In its treatment of paedolphilia, Happiness raises other disturbing issues, chiefly the casting of children and the huge responsibilities which that entails. "I take your point," Solondz says. "That was the most daunting challenge of the whole production, to find the kids who would be right for these roles - and the parents who would come with them - the whole package. Because you can't go into something like this without the support of the parents.
"The parents were always there every day with their kids. The kids did read the whole script and they discussed it with their parents. I never felt it incumbent upon me, or appropriate for me to explain any of the issues to them. "I still don't know what the boy who played Rufus, the psychiatrist's son, understood or what he didn't understand. But I didn't want to tamper with any of that because part of the whole point is that his character is in the process of trying to figure out and understand what's going on.
"My job, as I saw it, was to make him feel comfortable, to feel a sense of trust. I know that many people will say how can parents allow their child to do something like this. "All I can say is that I'm very admiring and supportive of these particular parents and the way they dealt with their child. I'm much more offended by parents who encourage or foist their children on television commercials selling detergent or whatever. "I think that cheapens the meaning of childhood. I think that's the obscenity. It removes the child's dignity."
Todd Solondz believes that there is a more acutely felt sense of alienation in America than in anywhere else in the world. And that for all the American declarations of family and family values, that there's a real lack of a sense of family in the US.

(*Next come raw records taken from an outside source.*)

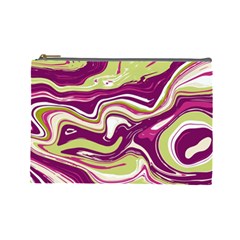 Purple Vivid Marble Pattern Cosmetic Bag (large) by goljakoff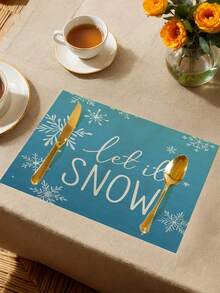 1 pieza Camino de mesa con diseño de carta navideña azul, Decoración navideña para mesa, Camino de mesa tipo lino para Navidad, Camino de mesa, Camino de mesa, 1 pieza Camino de mesa, 4 piezas Individuales, 1 pieza Funda de cojín, 3 productos disponibles, Decoración de hogar de temporada para interiores/exteriores, Decoración de hogar de invierno, Decoración navideña, Decoración de habitación navideña, Decoración de fiesta navideña - Multicolor - Ver 8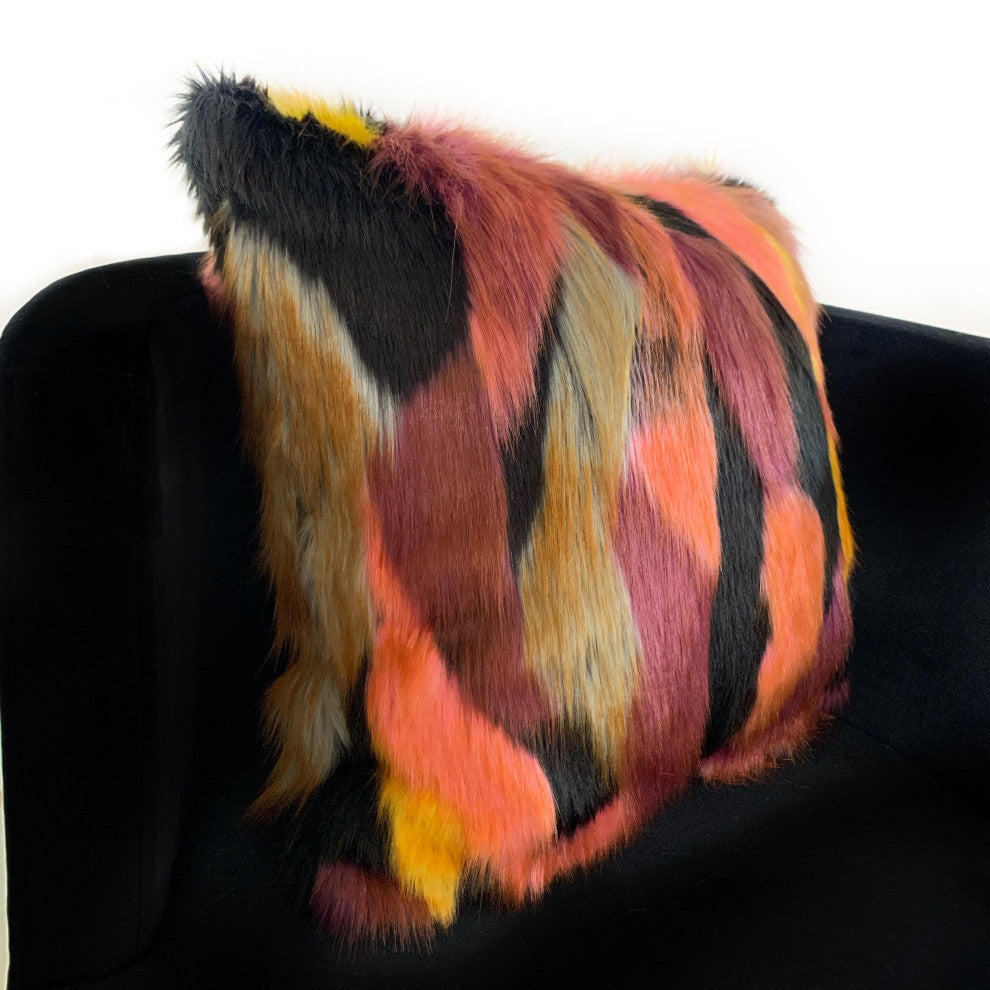 Plutus Black Exotic Parrot Animal Faux Fur Luxury Throw Pillow, 20"x36"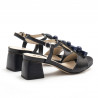 Blue leather Jeannot sandals with medium heel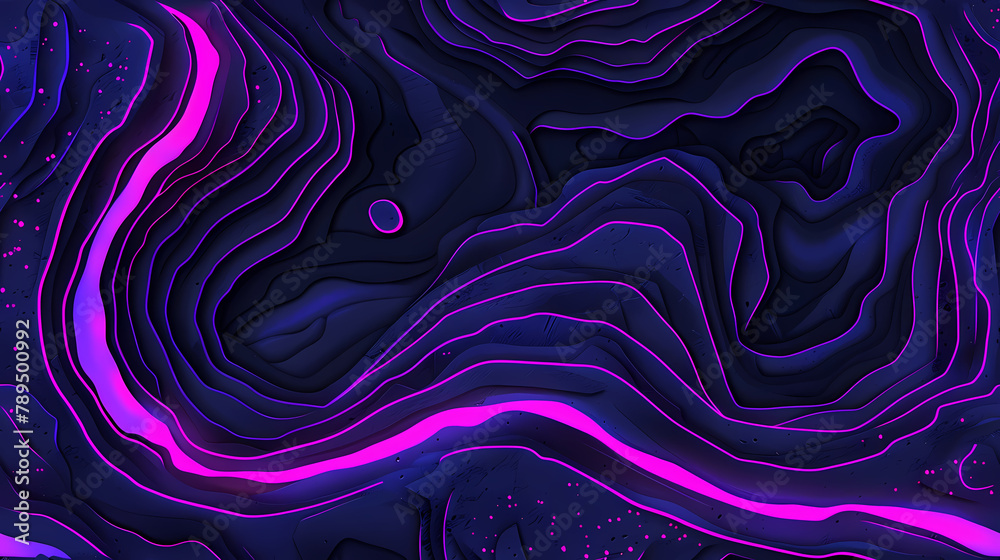 Obraz premium Vibrant Purple and Black Abstract Topography Art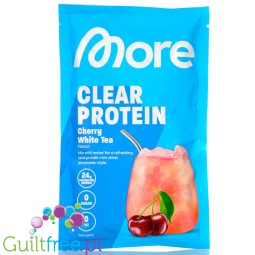 More Nutrition More Clear Cherry White Tea 30g - klarowny izolat białek mleka, lekka odżywka białkowa ze stewią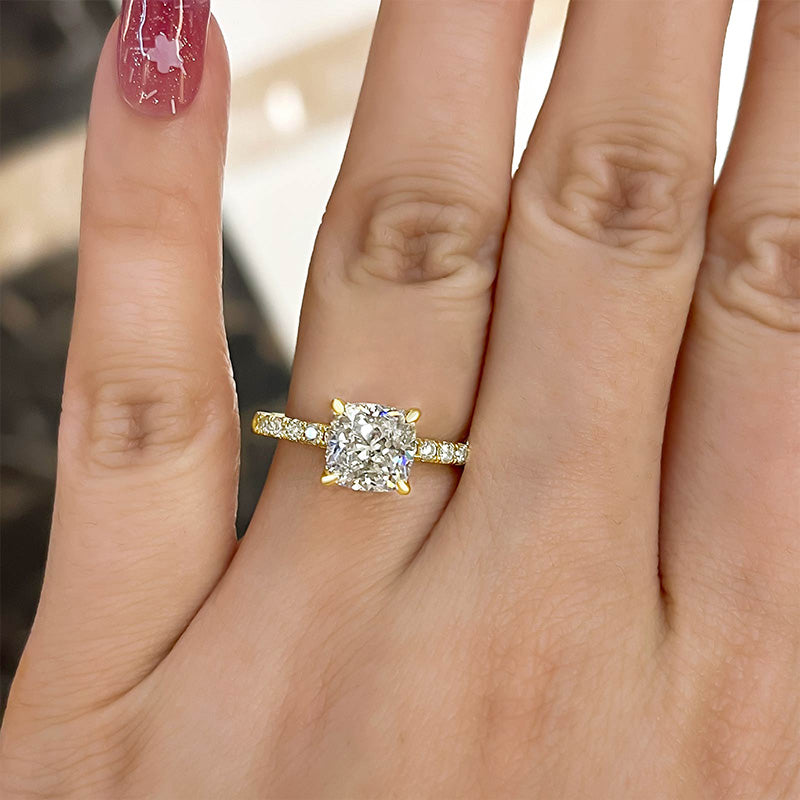 3pcs Classic Golden Tone Cushion Cut Wedding Ring Set In Sterling Silver Shineofdiamond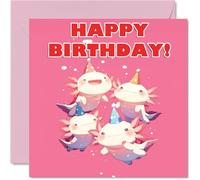 Axolotl Birthday Cards for Her Him - Party Animals Pyramid - Happy Birthday Card for Mum Dad Brother Sister Auntie Uncle Cousin Friend Family Colleague 145mm x 145mm Bday Greeting Cards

"In America they talk about family being important, but I think that's because they're so despairing of the nature of family in America. I don't know anyone who can say they come from a close family. "You get so many families where a sister lives in Los Angeles, say, while her brother's in Boston, and their parents, if they are not divorced, are in Arizona. And yet they call themselves a close family. You have to question the nature of that closeness.
"The wonderful thing that comes from this is the freedom from constraint and tradition whereby you can reinvent or recreate yourself. "Yet at the same time there's a kind of fallout where you are more vulnerable to feeling disconnected and isolated. Because we don't have that foundation of family which get in other parts of the world."
Even if he had the budget, which he didn't, Solondz says that he would not have cast movie stars in Happiness because he wanted all the characters to seem like regular people, the kind you see or meet in the supermarket, and he chose generally unfamiliar actors drawn from theatre and the US independent sector.
He cites Dylan Baker, an award-winning stage actor who has worked mostly in supporting roles in film and television, whom he cast in the demanding role of Bill Maplewood, mild-mannered family man, psychiatrist - and child molester.
"Dylan was brave to take this on," Solondz says. "He made Bill so real. He brings true genius to a character who's very disturbing and unsympathetic, and yet he manages to make him somehow sympathetic. "And that was the tough nut to crack - for all his vileness, there was a soul there that, as distasteful as it might be, one felt something for.
"Because I knew I was dealing with extreme forms of behaviour I didn't want it to emphasise the way I would cast or design the movie. The whole modus operandi was about restraint. "Given that the script was so far out there, I wanted to pull back. You go into this house, the Maplewood home, and you feel it's comfortable. It's not tacky, it's not kitsch, it's not a joke. It's very regular."